Here is a fragment of a data set (here you can see 9 samples (about 4 thousand in a real data set), 6 functions and 9 labels (which indicate not numbers, but some values and cannot be compared as 7> 4> 1)):
f1 f2 f3 f4 f5 f6 label 89.18 0.412 9.1 24.17 2.4 1 1 90.1 0.519 14.3 16.555 3.2 1 2 83.42 0.537 13.3 14.93 3.4 1 3 64.82 0.68 9.1 8.97 4.5 2 4 34.53 0.703 4.9 8.22 3.5 2 5 87.19 1.045 4.7 5.32 5.4 2 6 43.23 0.699 14.9 12.375 4.0 2 7 43.29 0.702 7.3 6.705 4.0 2 8 20.498 1.505 1.321 6.4785 3.8 2 9
In favor of curiosity, I tried a number of algorithms (linear, Gaussian, SVM (SVC, SVR), Bayesian, etc.).
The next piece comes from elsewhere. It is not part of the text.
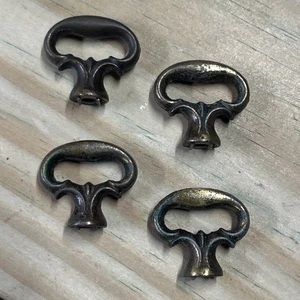 Antiker Messing Mock Schlüsselknopf 4er Set + neue Schrauben - Bild 1 von 9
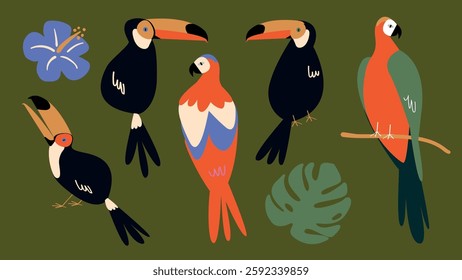 Colorful illustration of tropical birds, including toucans and parrots, with vibrant feathers. Tropical birds and foliage create a lively, exotic scene. Animal illustrations, isolated vector set.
As far as I understand the manual, in my case it is better to work with classifiers (discrete), and not with regression (continuous). Using common:
model.fit(X_train, y_train) model.score(X_test, y_test)
I got:
Lin_Reg: 0.855793988736 Log_Reg: 0.463251670379 DTC: 0.400890868597 KNC: 0.41425389755 LDA: 0.550111358575 Gaus_NB: 0.391982182628 Bay_Rid: 0.855698151574 SVC: 0.483296213808 SVR: 0.647914795849
Continuous algorithms gave the best results. When I used the confusion matrix for the Bayesian ridge (I had to convert the float to integers) to check its result, I got the following:
Pred l1 l2 l3 l4 l5 l6 l7 l8 l9 True l1 23, 66, 0, 0, 0, 0, 0, 0, 0 l2 31, 57 1, 0, 0, 0, 0, 0, 0 l3 13, 85, 19 0, 0, 0, 0, 0, 0 l4 0, 0, 0, 0 1, 6, 0, 0, 0 l5 0, 0, 0, 4, 8 7, 0, 0, 0 l6 0, 0, 0, 1, 27, 36 7, 0, 0 l7 0, 0, 0, 0, 2, 15, 0 0, 0 l8 0, 0, 0, 1, 1, 30, 8, 0 0 l9 0, 0, 0, 1, 0, 9, 1, 0, 0
Which made me realize that 85% accuracy is wrong. How can this be explained? Is it because float / int conversion?
Any direct response / link, etc. would be appreciated.